▶ [Material to process]:
____________

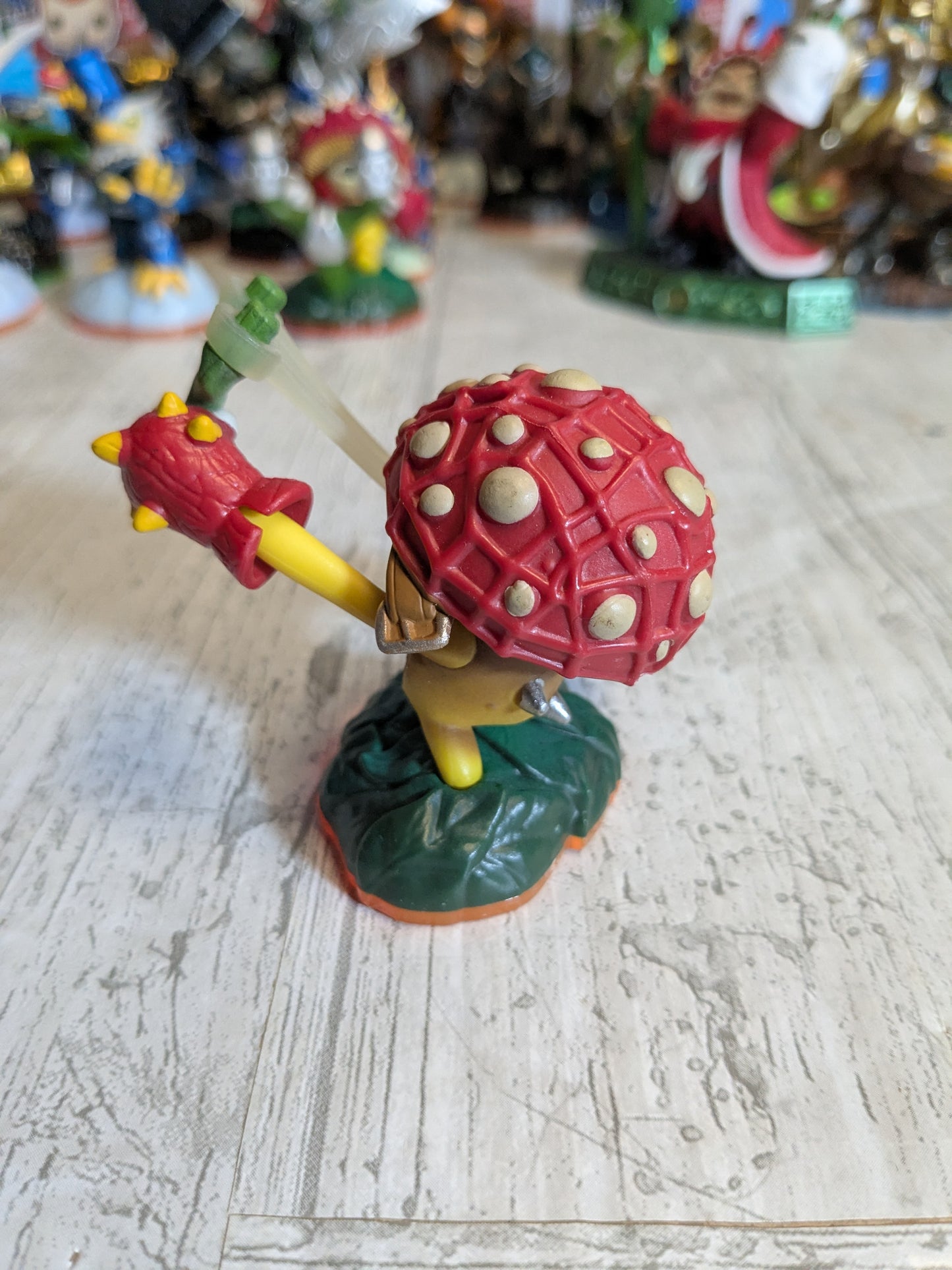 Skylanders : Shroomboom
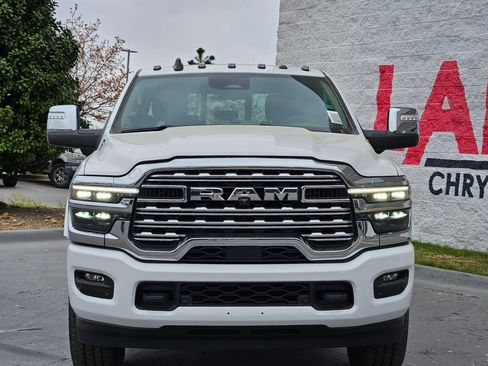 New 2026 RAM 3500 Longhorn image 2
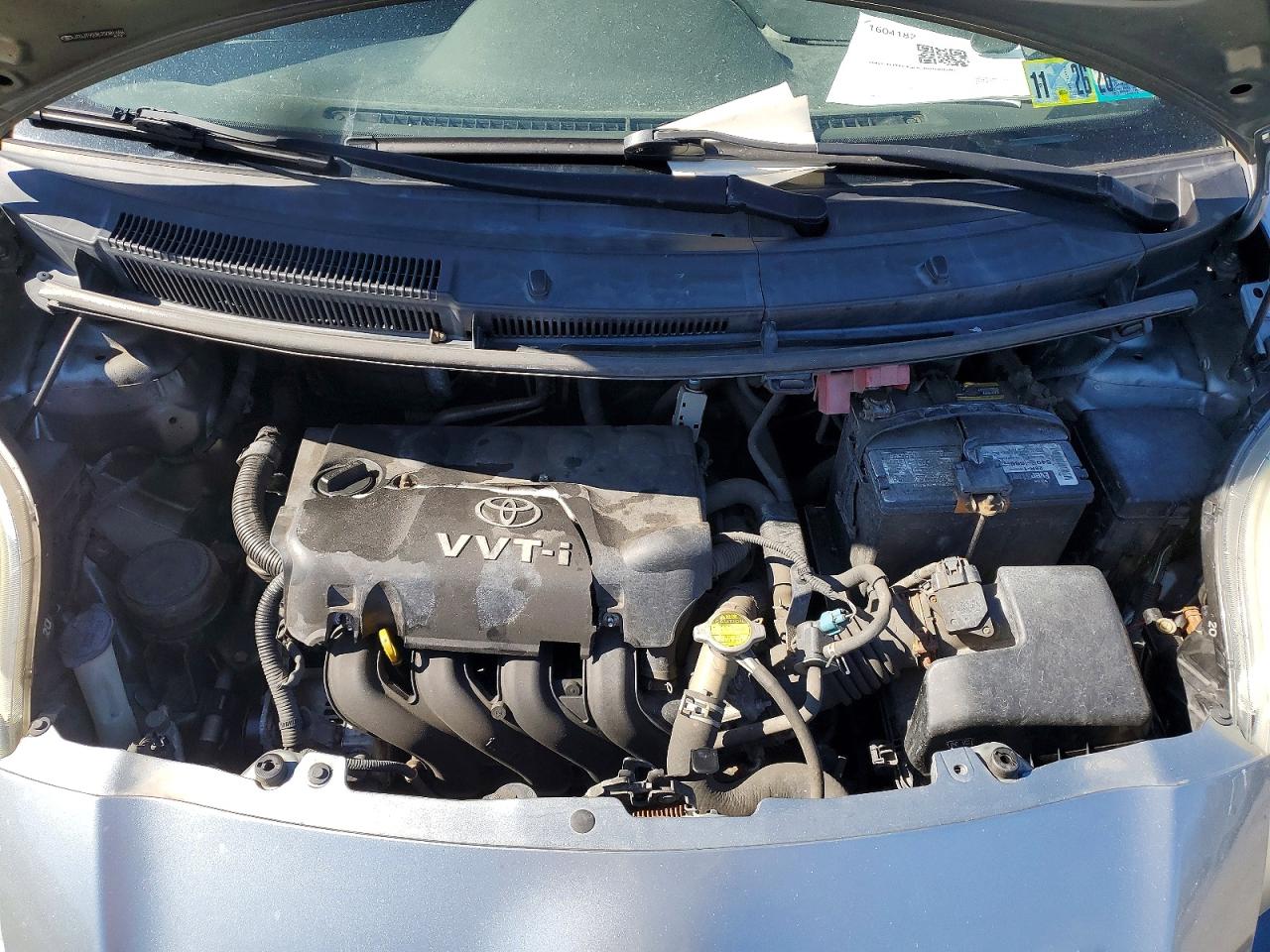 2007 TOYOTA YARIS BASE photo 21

____________

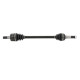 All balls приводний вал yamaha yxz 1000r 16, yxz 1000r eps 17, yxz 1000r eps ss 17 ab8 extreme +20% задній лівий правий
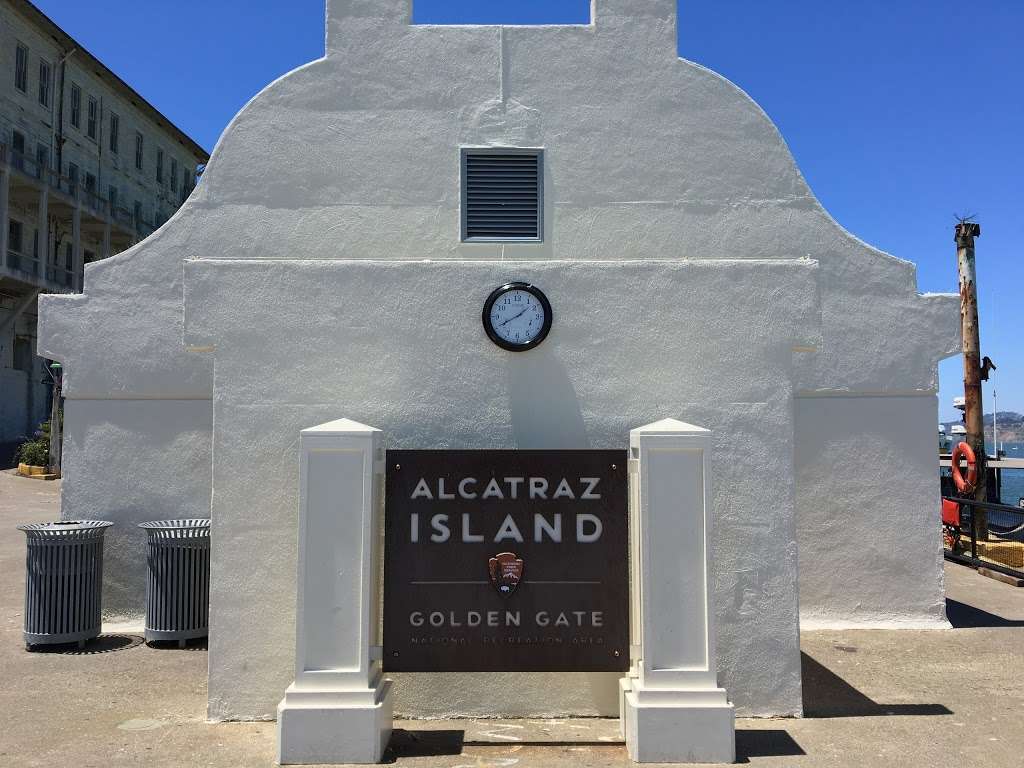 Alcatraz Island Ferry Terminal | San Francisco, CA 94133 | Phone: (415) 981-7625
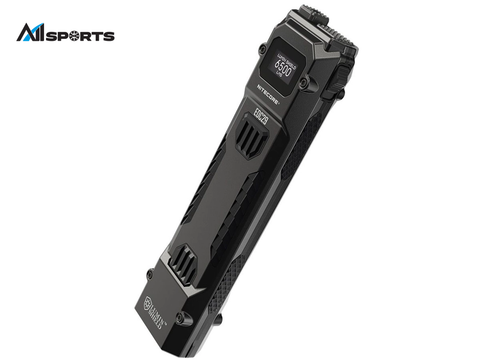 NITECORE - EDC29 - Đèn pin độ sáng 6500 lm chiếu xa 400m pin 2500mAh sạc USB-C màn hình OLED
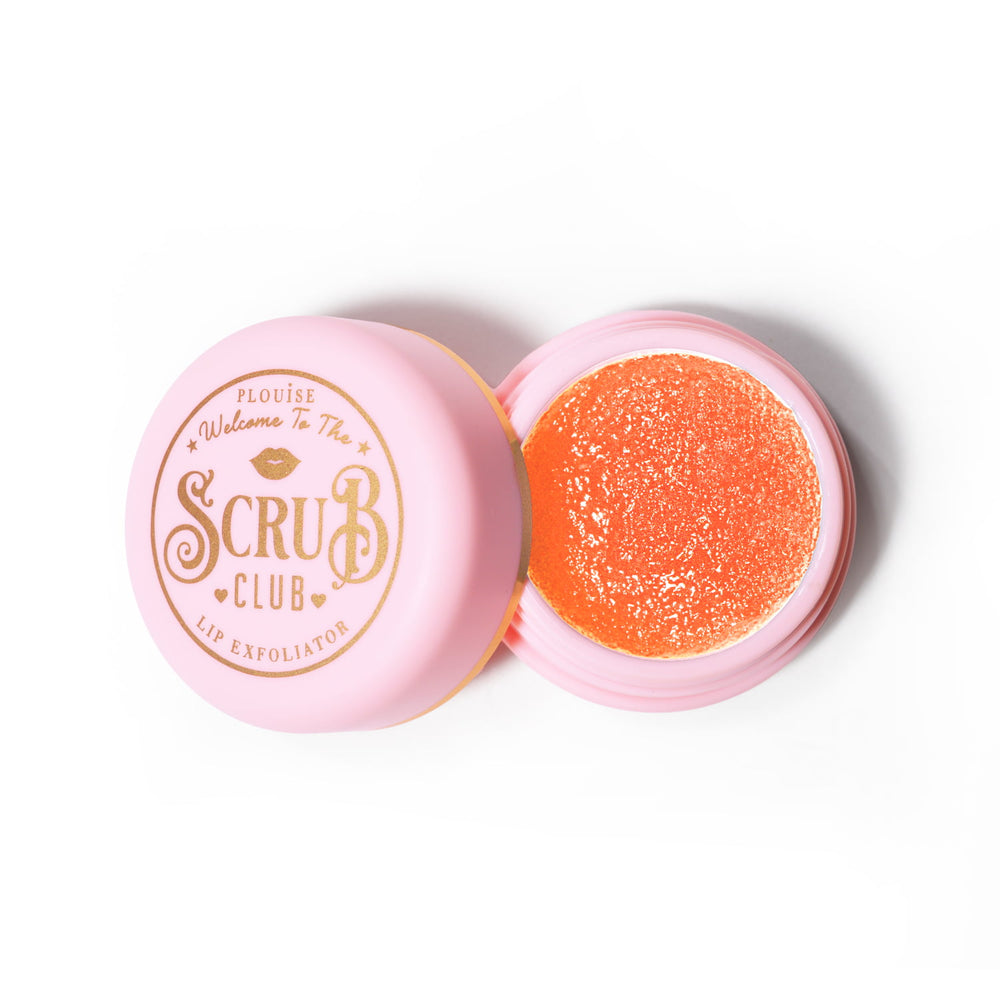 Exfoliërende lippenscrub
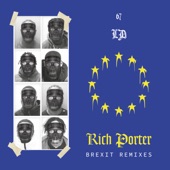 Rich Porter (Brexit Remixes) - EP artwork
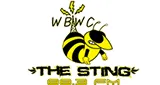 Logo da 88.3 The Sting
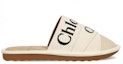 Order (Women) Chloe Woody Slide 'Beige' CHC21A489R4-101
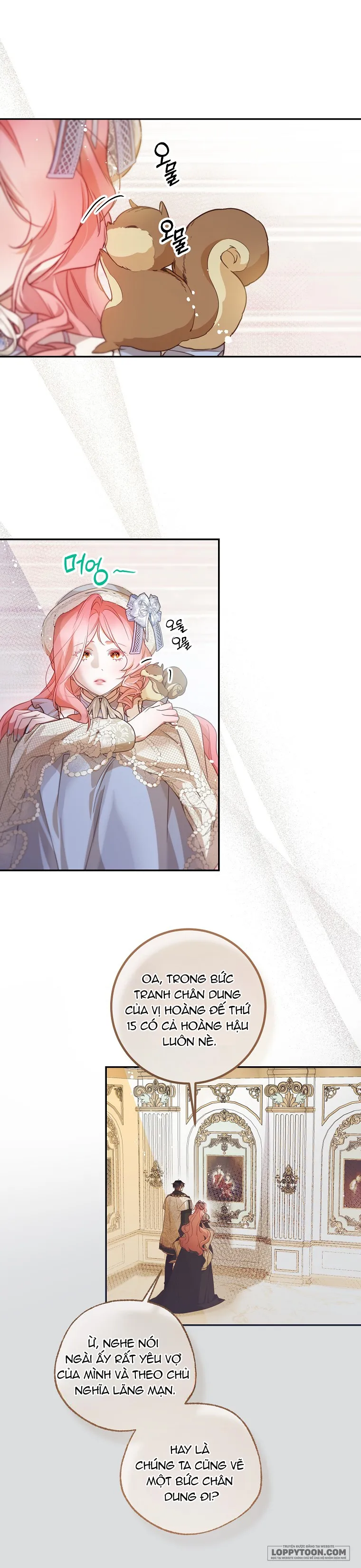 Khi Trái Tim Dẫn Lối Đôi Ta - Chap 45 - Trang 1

____________

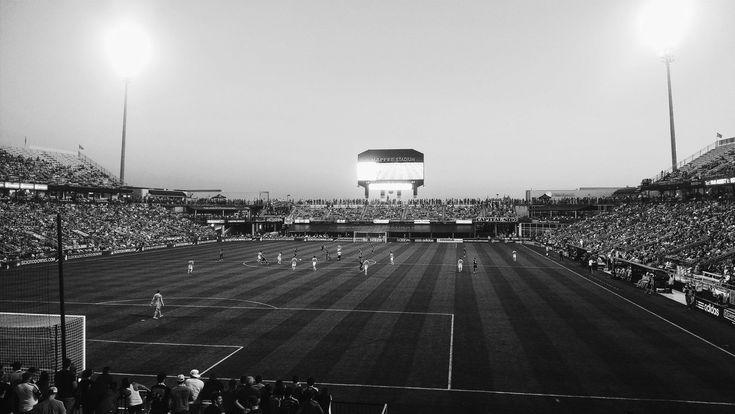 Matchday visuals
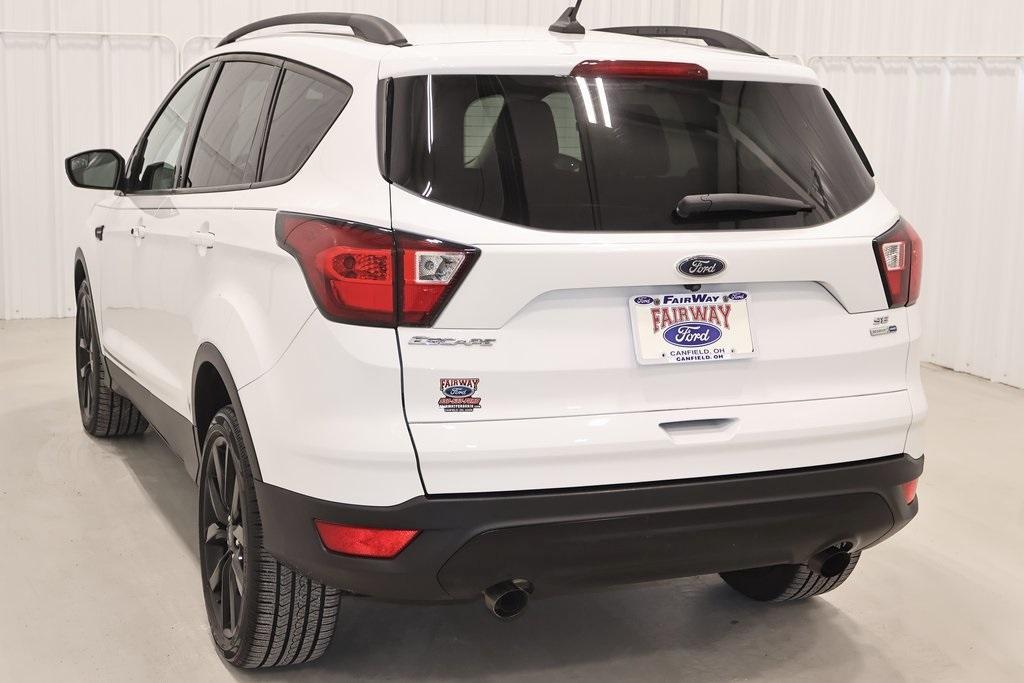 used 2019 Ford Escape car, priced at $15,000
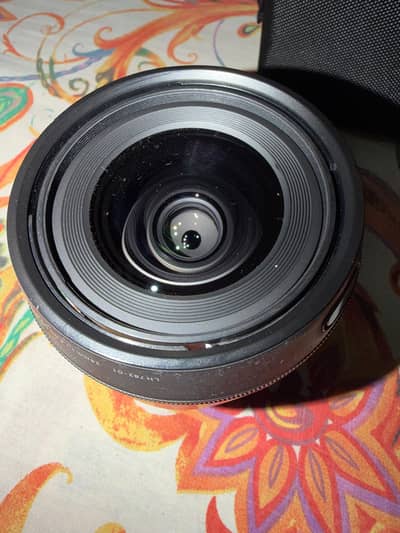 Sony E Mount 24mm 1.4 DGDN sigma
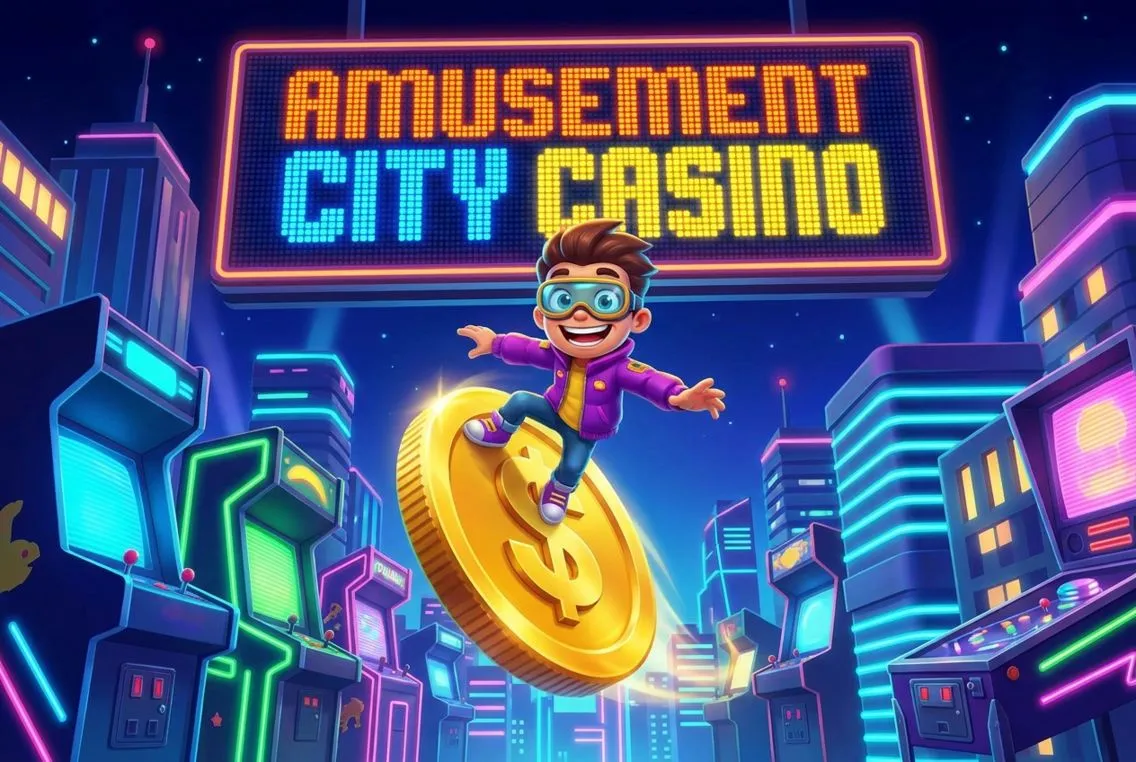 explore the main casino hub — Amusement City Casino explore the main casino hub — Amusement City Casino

____________

▶ [Task instructions]: Taking the entries above, extract every line from the one bearing "Exfoliërende lippenscrub" through the one bearing "Khi Trái Tim", exactly, with no pictures.

▶ [Task response]:
 Exfoliërende lippenscrub
 Rich Porter (Brexit Remixes) - EP artwork
 Logo da 88.3 The Sting
 Order (Women) Chloe Woody Slide 'Beige' CHC21A489R4-101
 Khi Trái Tim Dẫn Lối Đôi Ta - Chap 45 - Trang 1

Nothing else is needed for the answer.